#### PROBLEM TO WORK ON
Among the lines below, output only those between the line holding "Sobrado de 103m²" and the line holding "Путин: Украина лишилась", inclusive, exactly as written and with no pictures.

#### DATASET RECORDS
********

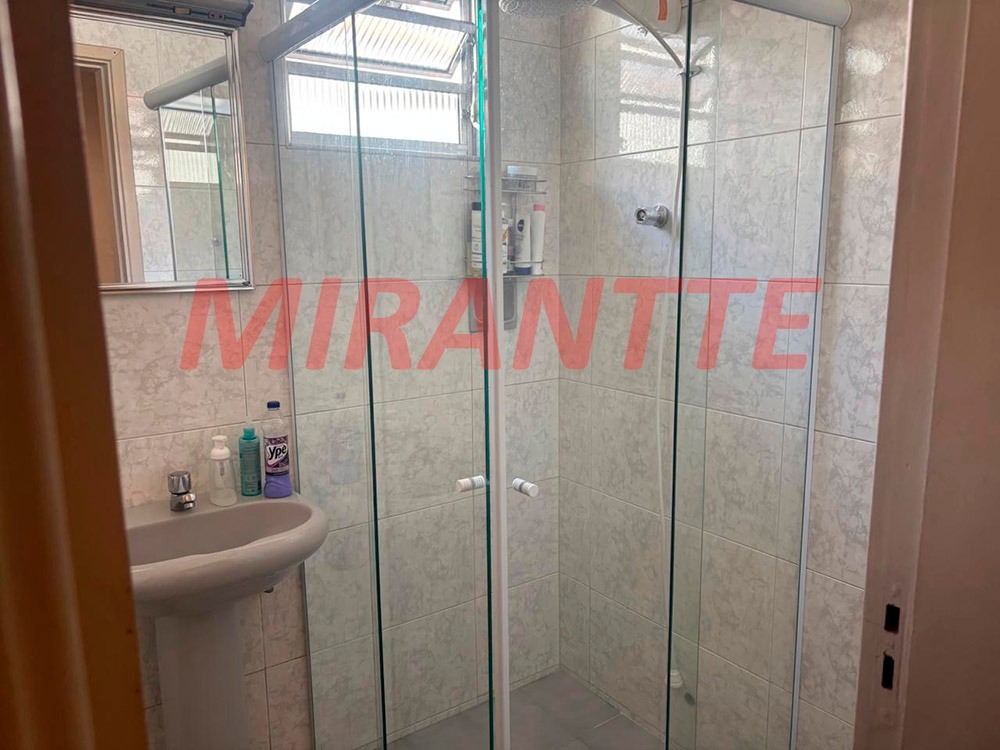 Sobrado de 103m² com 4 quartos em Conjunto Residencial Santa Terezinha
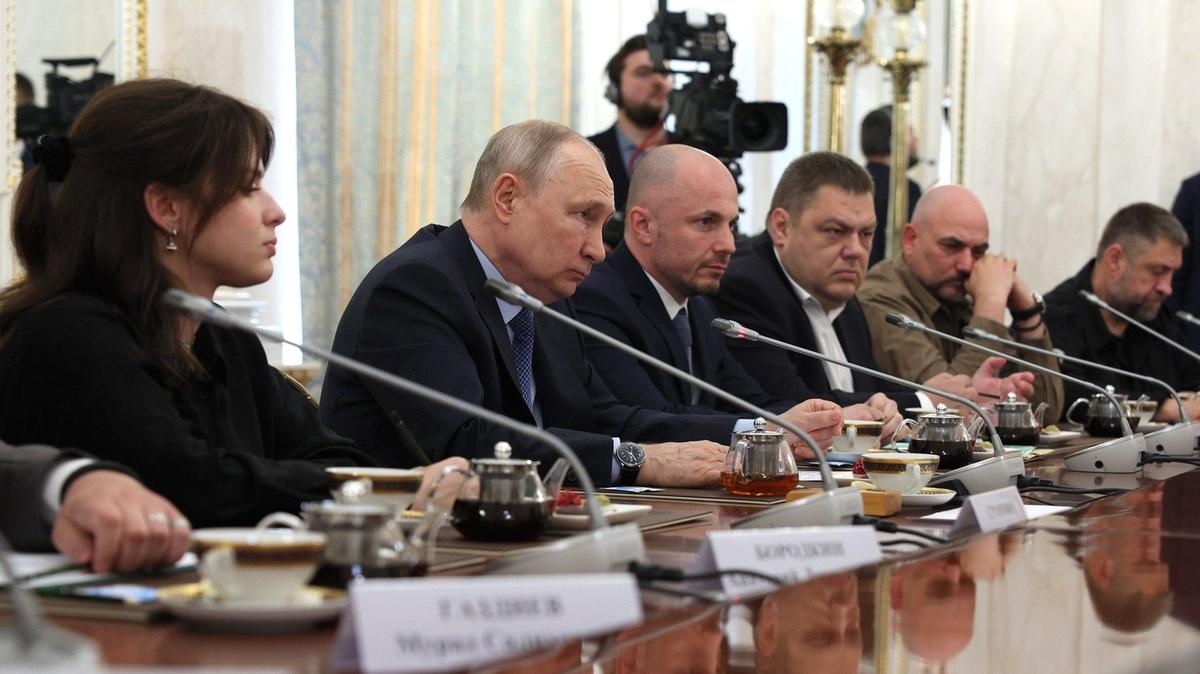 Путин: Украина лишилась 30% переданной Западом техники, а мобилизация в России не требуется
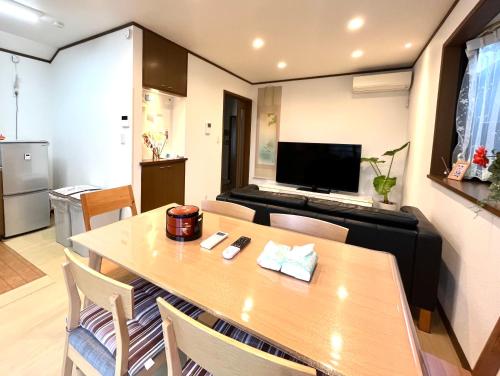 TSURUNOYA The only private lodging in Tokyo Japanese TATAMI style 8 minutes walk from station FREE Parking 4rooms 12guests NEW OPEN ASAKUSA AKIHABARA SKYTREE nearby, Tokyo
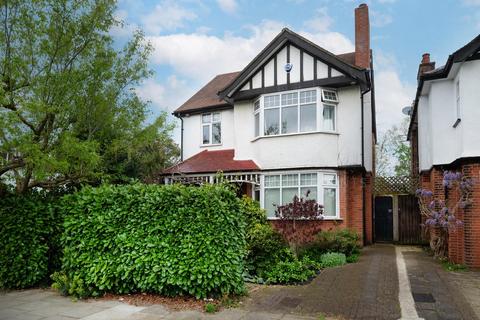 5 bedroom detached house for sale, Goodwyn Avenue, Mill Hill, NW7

********

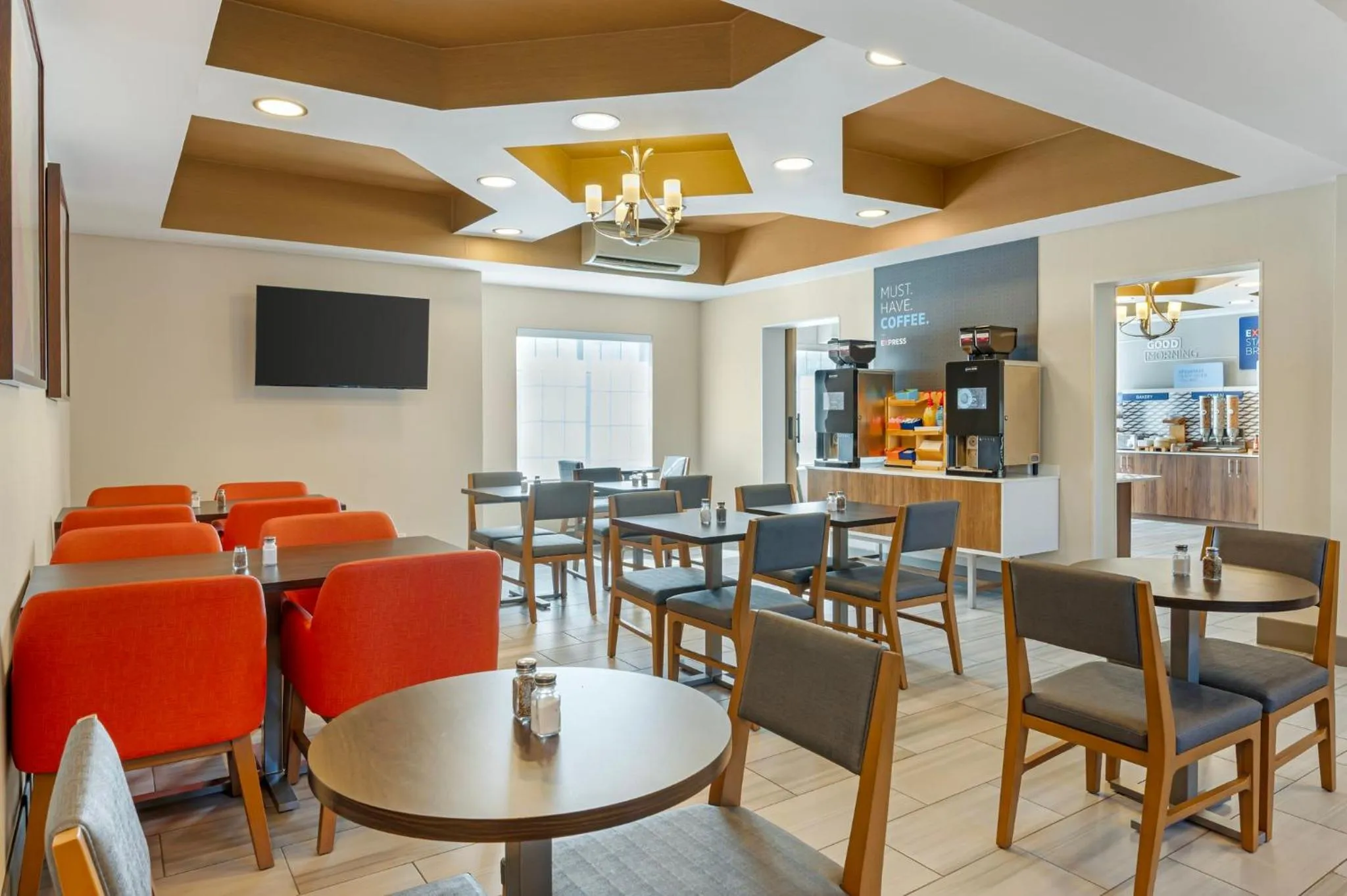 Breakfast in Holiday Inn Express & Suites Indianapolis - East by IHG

********

#### SOLUTION TO THIS PROBLEM
 Sobrado de 103m² com 4 quartos em Conjunto Residencial Santa Terezinha
 Путин: Украина лишилась 30% переданной Западом техники, а мобилизация в России не требуется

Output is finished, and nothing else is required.